After dark, anything could happen – each

moment was disconnected from the last.

There was no logical progression to our lives:

most events had the dramatic essence of a car

accident. One evening, my mother decided

to sneak out my bedroom window when my

stepfather cut her off. He was drunk himself,

but for some reason decided she shouldn’t have

more Scotch. I remember her butt, in white

nylon undies, decorating the center of my open

window. I both fretted and hoped that she might

fall and hurt herself. Another night, my stepfather

decided it was time to throw all the pillows away,

including mine, because to him they smelled like

“horse piss.” My mother followed, protesting

loudly, wrestling him for the pillows. She lost:

the pillows went into the garbage cart. This

happened in our front yard, on a warm night scented

with night-blooming jasmine. I watched the two

drunken grown-ups, distancing myself from the scene.

I watched it like a T.V. show or a movie. When

I try to tell people about these things now, I can’t

keep a straight face. The laughter chokes me,

renders me unable to speak. I am silenced.

They’re both long dead now… but I’m still here.

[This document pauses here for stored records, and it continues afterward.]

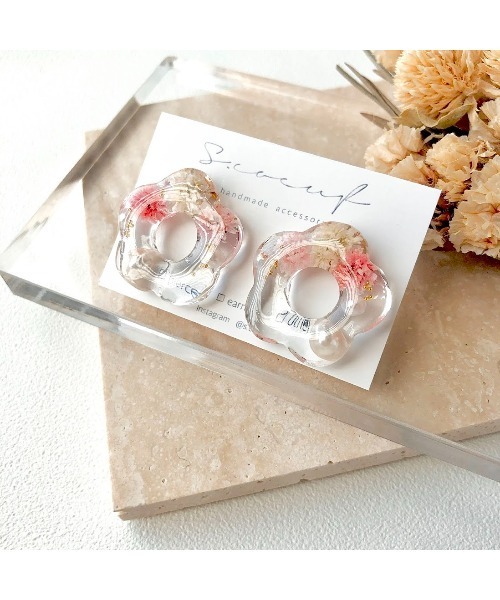 tone（トーン）の「【S.coeuf】【S.coeuf】ピアス　クリアフラワー×淡水パール(MA)（ピアス（両耳用）・レディース・ピンク/ベージュ/パープル・FREE）」の8枚目の写真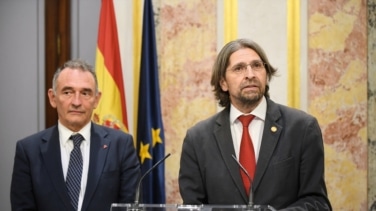 Junts vuelve a unirse a PP y Vox para tumbar la creación de una oficina anticorrupción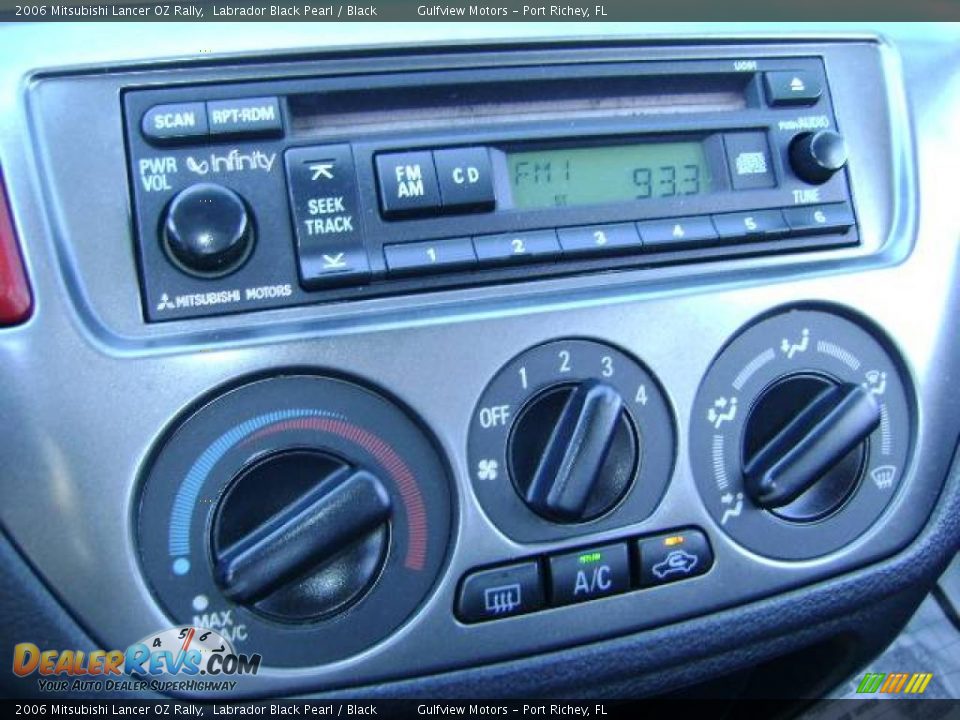 2006 Mitsubishi Lancer OZ Rally Labrador Black Pearl / Black Photo #20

Filed under addiction, adult children of alcoholics, ancient history, anger, child abuse, child neglect, childhood, divorce, poetry

10 responses to “Night-Blooming Jasmine, a poem

  1. kabir gandhiok

    Deeply touching in a sort of a strange way, which makes it even more.

    Liked by 1 person

  2. We laugh because otherwise we’d have to cry. There is a real (and justified) sense of achievement in the statement “…but I’m still here”.

    Liked by 1 person

  3. Fabulous prose. Earthy and elegant.

    Liked by 1 person

  4. Stephanie D'Arcy

    I love your stuff because I live out in the damn country and my life needs help. You aren’t afraid to look like a fool, just like me.

    Liked by 1 person

  5. Clyde Elable

    Jasmine. Puts me in mind of an old girlfriend I had. She was fond of it.

    Liked by 1 person

  6. I am so glad you remembered something about yourself, reading this prose poem.